Cerita ini dimulai ketika aku menerima ajakan temanku untuk menemaninya pangkas disalah satu salon disudut kota lhokseumawe, sembari menanti giliran, aku memandang ke sekeliling, suasana yang begitu nyaman, hiasan dinding yang indah, warna warni bunga dalam pot yang menyejukkan, dan… pandanganku terhenti pada sosok seseorang, wajahnya ayu, jarinya lentik, padahal aku tau betul kalau dia adalah seorang pria yang berperilaku wanita, orang-orang sering menyebutnya waria. dengan lihai ia memainkan kombinasi sisir dan gunting, diselingi dengan gelak canda dan ocehan-ocehan dalam bahasa yang sangat sulit kumengerti.

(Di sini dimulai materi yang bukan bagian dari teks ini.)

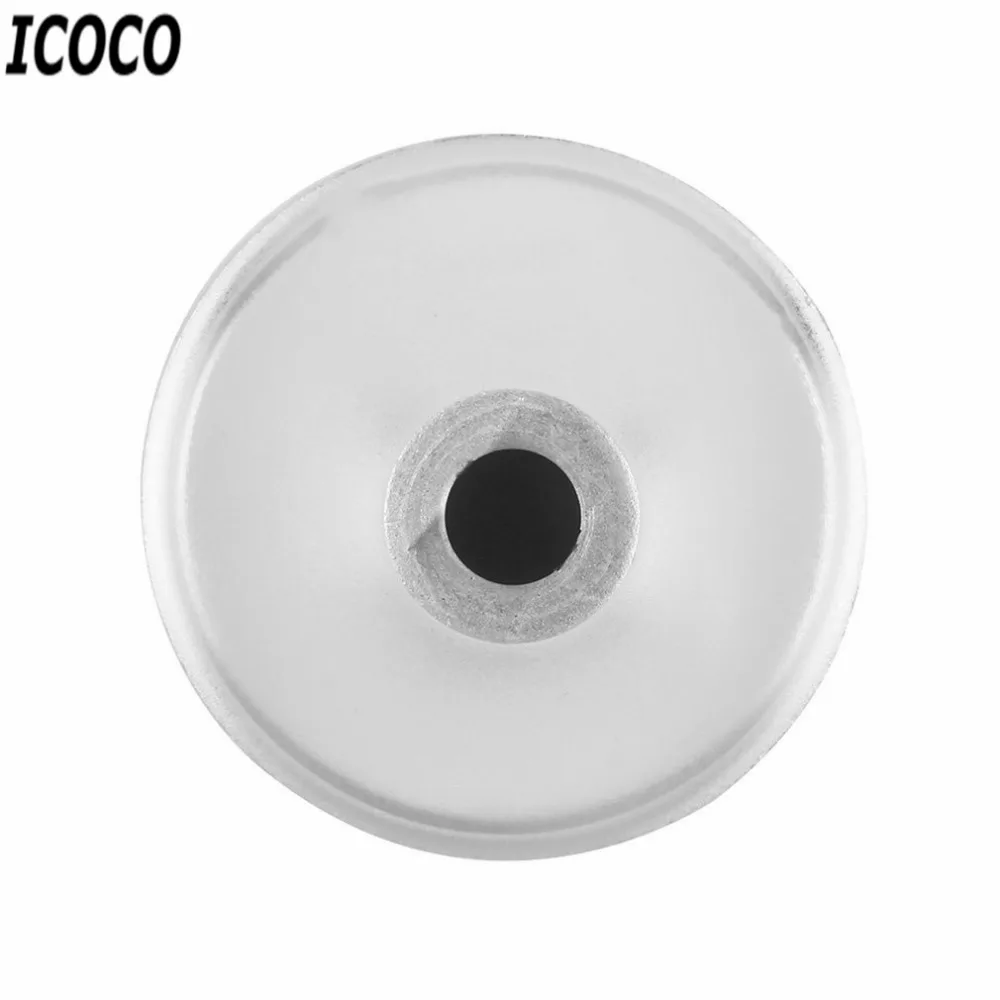 ICOCO 1 шт. сменная алюминиевая отражательная чашка для C8 xm-l фонарик DIY легкий вес легко установить без инструментов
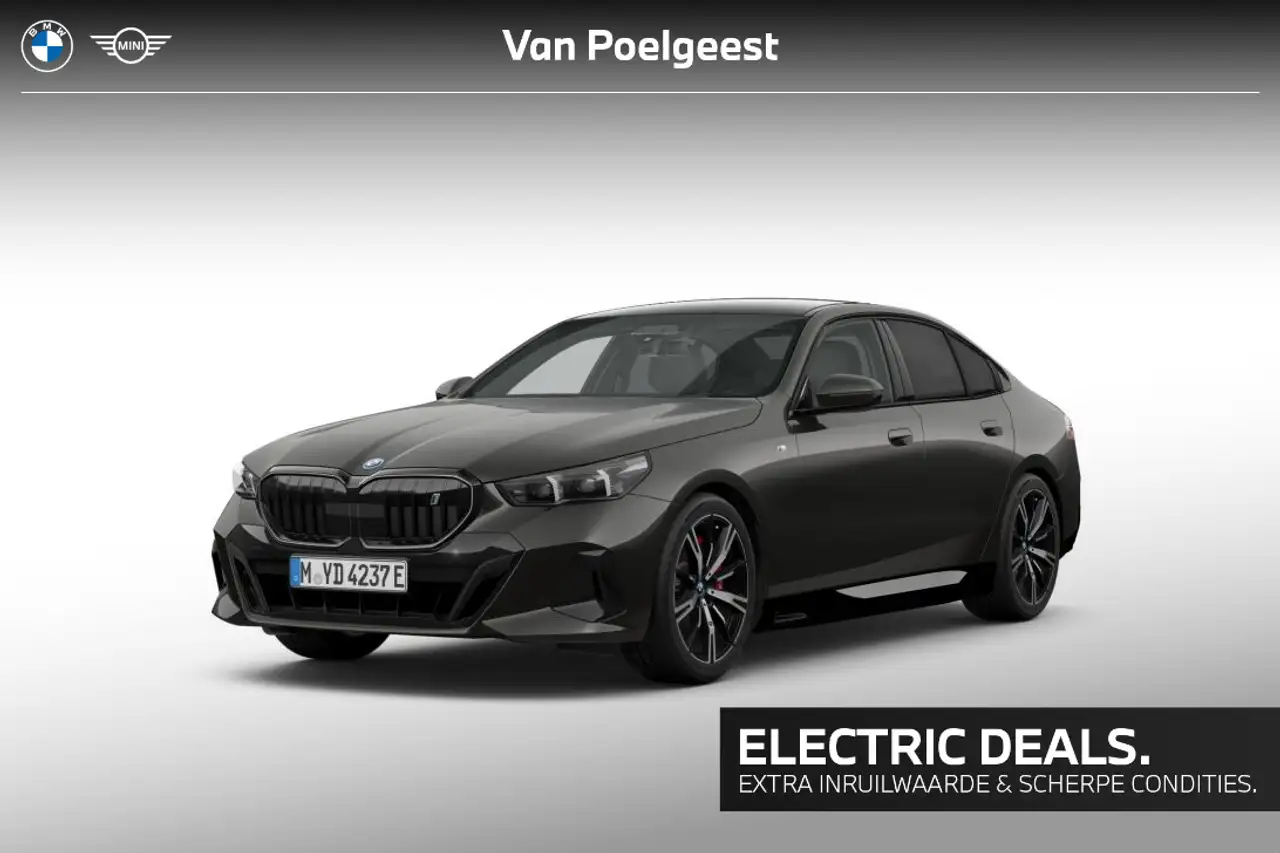 BMW i5 2026
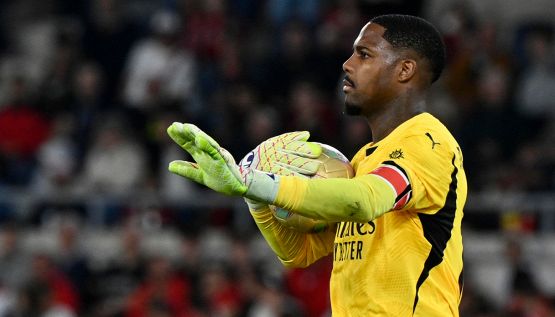 Milan, Maignan: dietro le scuse ai tifosi sui social un messaggio sul futuro in rossonero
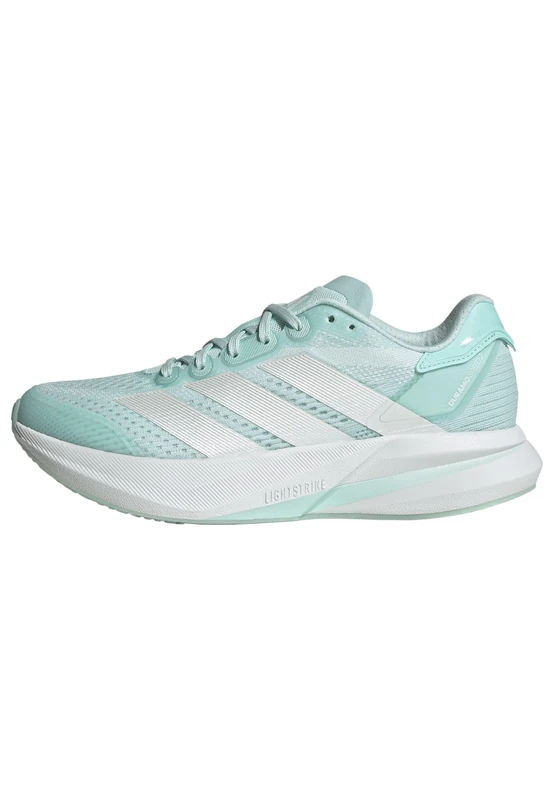 adidas Women's Duramo Speed 2 Running Shoes, Halo Mint/Zero Metalic/Semi Flash Aqua, 9 UK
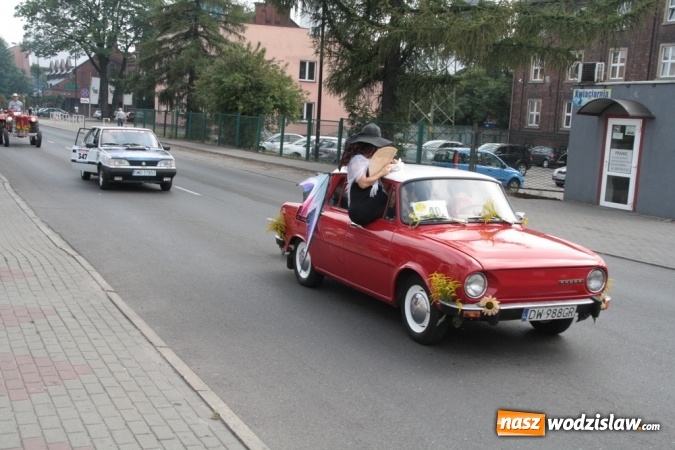 Zdjęcie w galerii na portalu naszwodzislaw.com: W Radlinie uroczyście świętowano dożynki wiadomości z regionu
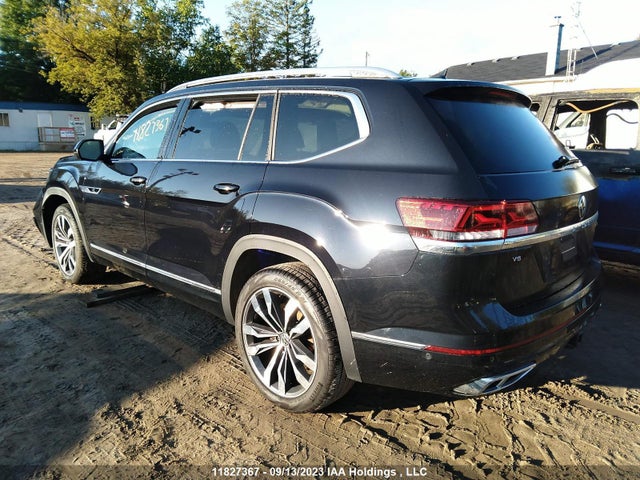 1V2FR2CA0PC524983 Volkswagen Atlas Execline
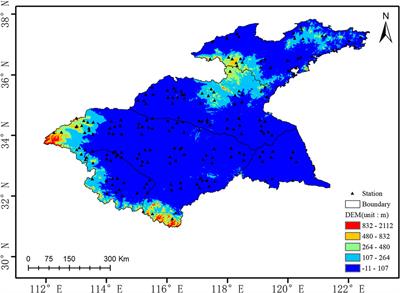 Analysis of the Variability and Future Evolution of Snowfall Trends in the Huaihe River Basin Under Climate Change
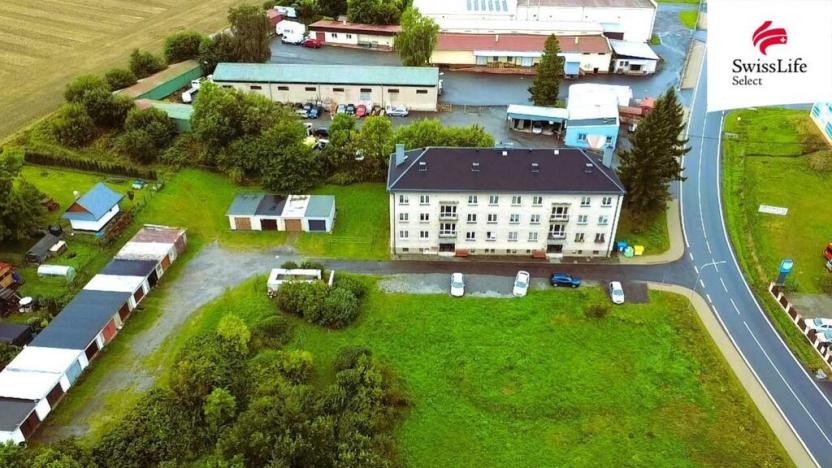 Prodej bytu 3+1, Hlinsko, Rváčovská, 74 m2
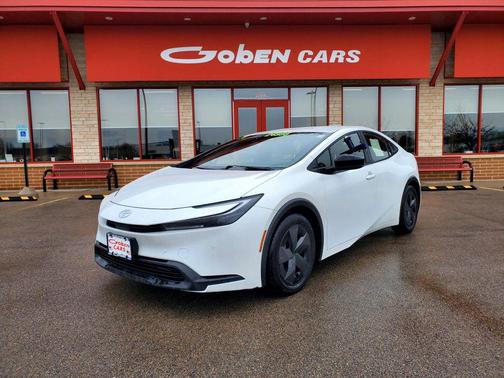 2024 Toyota Prius LE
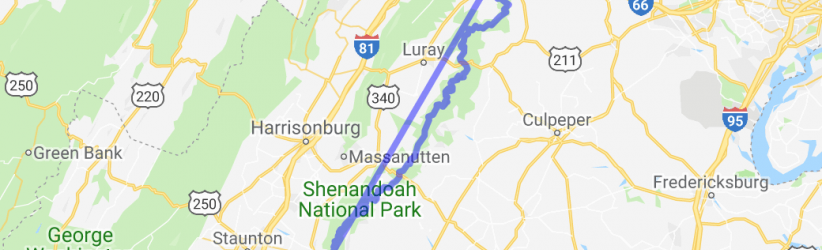 Skyline Drive | United States Skyline Drive | United States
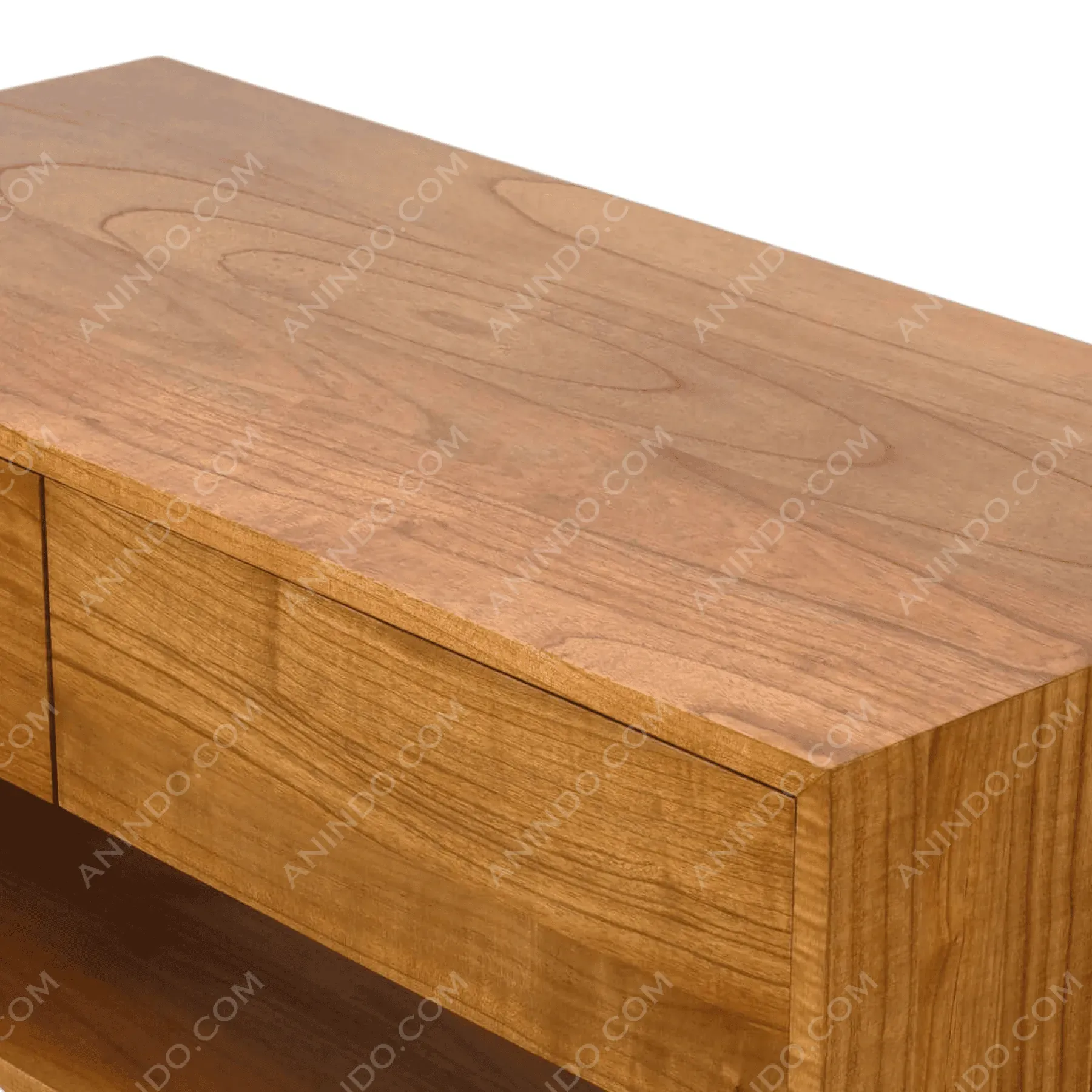 Kyoto Teak Coffee Table - Image 9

Setelah semua pelanggan pulang, aku memberanikan diri untuk mengajaknya bicara, aku ingin mengetahui kisah hidupnya yang menurutku menarik.
Awalnya sulit juga mengajaknya bicara, maklum.. bagi sebagian orang, hal yang tak lazim seperti ini masih dipandang aib, namun dengan usaha pendekatan, akhirnya kami dapat ngobrol panjang lebar, saat itulah kutau namanya alfin atau lebih dikenal dengan panggilan angel, usianya cukup muda, baru 18 tahun.
Menurut alfin, kondisi warianya telah ada sejak lahir, sebab kala ibunya mengandung, ibunya selalu mendambakan kelak bayi dalam kandungannya adalah wanita, namun Allah berhendak lain, bayi itu lahir dengan jenis kelamin pria yang bernama Alfin atau angel.
Kondisi ini diperparah dengan kehidupan sehari-hari alfin kecil yang selalu diperlakukan layaknya seorang wanita, sering dipakaikan rok, berbedak dan bergaul dengan wanita, hal ini terus dijalani alfin bahkan hingga usia sekolah dasar, sampai disini belum ada pemberontakan-pemberontakan. Pahitnya menjadi waria justru mulai dirasakan alfin saat duduk dibangku SMP, saat itu cemoohan dan ejekan teman sekolah seolah menjadi makanan sehari-hari, alfin tidak bisa berbuat apa-apa, sebab ia tidak ingin menyalahkan siapa-siapa atas kondisi tak lazimnya.
Sekarang, setelah tamat Sekolah Menengah Kejuruan, perlakuan-perlakuan yang tidak layakpun masih sering dia dapatkan. Namun untuk mengatasinya, alfin selalu menahan emosi, emosi yang hanya dimiliki seorang wanita, kelembutan dan kemaafan sambil terus menyibukkan diri bergelut dengan pekerjaannya sekarang sebagai pegawai salon. Alfin merasa dirinya sebagai seorang “wanita” ternyata bisa lebih kreativ dan bermanfaat bagi orang banyak. daripada menjadi pria, bisanya tawuran, nongkrong sana-sini dan meraung-raungkan sepeda motor seperti yang terlihat hampir disetiap sudut kota, itulah sebab kenapa hingga kini, alfin lebih memilih menjadi wanita ketimbang pria.
Sejenak kulihat alfin menghela nafas dengan berat, berusaha meredakan emosi yang tadi sempat meluap-luap. Diantara diamnya, aku kembali bertanya, inginkah ia kembali menjadi pria normal? Jawaban yang kuterima bukan sekedar anggukan biasa, tapi sebuah ungkapan perasaan yang membuatku berdecak kagum, bagaimana tidak, ternyata alfin yang baru berusia 18 tahun ini berharap suatu saat kelak, ia bisa menggunakan baju kemeja yang dipadukan dengan celana panjang berbahan katun, rapih layaknya karyawan kantoran, kemudian menikah, punya anak, dan menghabiskan sisa hidupnya sebagai laki-laki bernama alfin bukan angel.